INT: But I was under the impression that you had to be in a Jewish Brigade as somebody coming from abroad, you were allowed to serve?
JSS: At that time, yes absolutely.
INT: Because it was later in the war then?
JSS: It was later in the war, it was ’44, and there was no question about that.
INT: That’s interesting. Then after the war ended what happened?
JSS: When we came out both of us wanted to get our university education. My brother who had been doing his matriculation and his Highers in Coventry, because we had been separated, whereas I was on the farm, he got an FETS grant, Further Education and Training Grant. In my case it was refused because I had been in farming and I had not been studying apparently at that time. So I got nothing from that. However, my brother and I for the first year shared actually his grant but then he went to University College London whereas I had my… sat my matriculation, my mature matriculation, both of us had to sit mature matriculation, into Birmingham University . So they had to offer me a place, so after the first year I got a grant from Birmingham itself.
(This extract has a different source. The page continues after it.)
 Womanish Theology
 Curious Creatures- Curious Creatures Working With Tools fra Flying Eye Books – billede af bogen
I also had some help from the family, Mr and Mrs Peskin, who are dead now, who had actually guaranteed for us children when we first came over as children, aged at that time 14 and 13. So I got a grant from Birmingham, not from the university but from the city, and from then onwards we went slightly separate ways. There were two things that I should say; first of all going back early to when we first came over to England we were both going to be interviewed by an educational psychologist. We had of course done no educational work at all for the last year in Vienna, after Hitler had came we were thrown out of our school and this was nearly a year later. And this man had obviously been educated beyond his intellectual capacity and he decided we were not worth educating. That is how I actually was interested in farming although I was not sent to a farming college but to work as a pupil on a… for a pretty dreadful farmer.
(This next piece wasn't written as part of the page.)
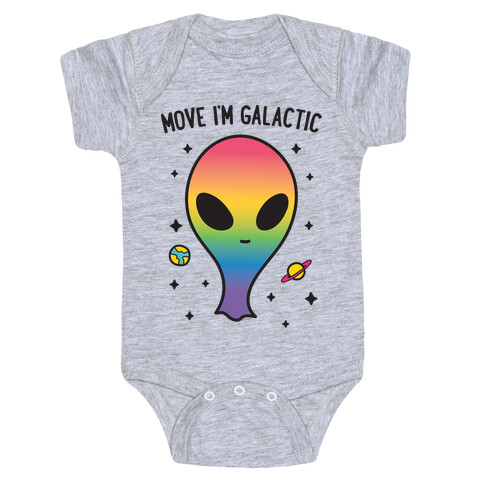 Move I'm Galactic Baby One-Piece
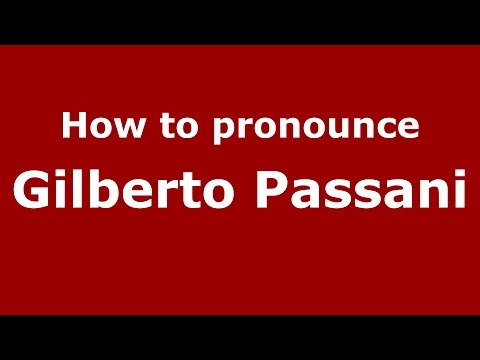 How to pronounce Gilberto Passani (Italian/Italy)  - PronounceNames.com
INT: How did he decide you weren’t worthy of educating?
JSS: He tried to interview me in Latin, he said “I see you’ve done Latin for at least a couple of years” and so on. Now I don’t know whether you have done Latin at all.
INT: No.
JSS: But certainly not colloquial Latin.
INT: No.
JSS: I obviously could not possibly hold an interview in Latin. That’s the way it goes. A second time almost the same thing happened to us when we got into Birmingham University, potentially into Birmingham University, because we had taken this mature matriculation into the university itself. There was a man, the admissions tutor, I don’t know if I should mention his name. But OK, his name was Dr. Ibbs at that time, Major Ibbs he called himself because he was something in the Territorial Army but he had not done very much elsewhere. He was an awful lecturer, he lectured in heat, however, he interviewed us. He offered me mining engineering in which I’d absolutely no interest whatsoever and he offered Gerhard, my brother, a year below what he could already enter in because Gerhard had taken an intermediate just before joining, the London Intermediate. I had learned matric but that didn’t make… We both didn’t accept this, eventually he had to offer something else so he offered me botany and biology and from then onward it went on. But he said “You would have been better off if both of you had failed”. He obviously didn’t like refugees or at least like… Don’t forget, we weren’t young men then and we were experienced, we had been living for quite a long time in the army and had made reasonable progress there.